Les ornements orientaux anciens, les espaces claustrophobes et les rythmes envoûtants des œuvres de Lesage, associés à son histoire de vie inhabituelle, ne pouvaient laisser le dadaïste indifférent, et il acheta plusieurs toiles pour sa vaste collection. Naturellement, l'œuvre de Lesage séduira aussi les amateurs de spiritisme, nombreux en Europe après la Première Guerre mondiale. Son premier mécène dans ces cercles (et en un sens, un manager) fut Jean Meyer, rédacteur en chef d'un magazine sur le paranormal. C'est ainsi que Lesage a commencé à se produire en séance en tant que médium.
Dans les sociétés spiritualistes, il n'y avait pas seulement des "fous de la ville" et des parents affligés de ceux qui ont péri dans l'enfer de la Première Guerre mondiale, mais aussi des personnes célèbres et riches. Il suffisait d'avoir parmi eux des mécènes et d'anticiper leurs pensées et leurs désirs pour vivre confortablement.

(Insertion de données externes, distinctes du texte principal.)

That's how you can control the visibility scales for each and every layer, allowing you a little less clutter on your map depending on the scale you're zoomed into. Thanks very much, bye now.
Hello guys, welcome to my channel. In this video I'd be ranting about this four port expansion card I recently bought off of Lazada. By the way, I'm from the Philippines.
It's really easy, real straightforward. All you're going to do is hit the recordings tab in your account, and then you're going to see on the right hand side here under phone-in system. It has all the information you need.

Le Sage évoquait déjà une profonde sympathie parmi les riches, charmés par les fantômes, puis il commença à signer ses œuvres avec les noms d'artistes célèbres, affirmant que leurs esprits conduisaient sa main …
Assis devant une immense toile, Le Sage était plongé dans une transe - et il était observé par des chercheurs et des spectateurs curieux, fascinés par son « art spirituel ». En 1927, il subit un examen à l'Institut international de métapsychique. Le Dr Eugene Austi, un farouche opposant au spiritisme, était mécontent. Il ne pouvait réfuter l'influence des « esprits » et des « voix » sur Lesage - mais il ne trouvait pas non plus de raison de le reconnaître comme un fou. Parallèlement, le médium rencontre le célèbre égyptologue français Alexander More. Et maintenant, les toiles de Lesage sont remplies de références à l'Égypte ancienne, d'ornements reconnaissables, de signes ressemblant à des hiéroglyphes (avec des symboles zoroastriens, tibétains et mésopotamiens) … Il se déclare avec assurance la réincarnation d'un artiste et magicien égyptien antique.

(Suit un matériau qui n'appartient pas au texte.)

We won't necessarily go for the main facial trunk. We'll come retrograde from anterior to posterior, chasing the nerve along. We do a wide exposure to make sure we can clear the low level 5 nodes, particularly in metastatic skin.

Cependant, dans les années 1930, l'enthousiasme pour le spiritisme a commencé à décliner, de nombreux textes critiques et révélateurs sont apparus (par exemple, le célèbre magicien Harry Houdini a activement participé à la dénonciation des charlatans), les carrières de nombreux "médiums" ont été ruinées et leurs mécènes ont été ridiculisés. Cependant, Lesage a continué à peindre jusqu'à sa mort en 1954. De nos jours, il y a un nouvel intérêt pour son travail. Le phénomène des tableaux magiques d'Augustin Lesage - et il y en a environ huit cents ! - donc cela n'a été expliqué par personne. Certains pensent que l'artiste souffrait de schizophrénie, d'autres voient dans sa peinture une métaphore d'un travail acharné au plus profond de la clandestinité, et d'autres encore… le savent encore avec certitude: il avait du talent, et ça suffit.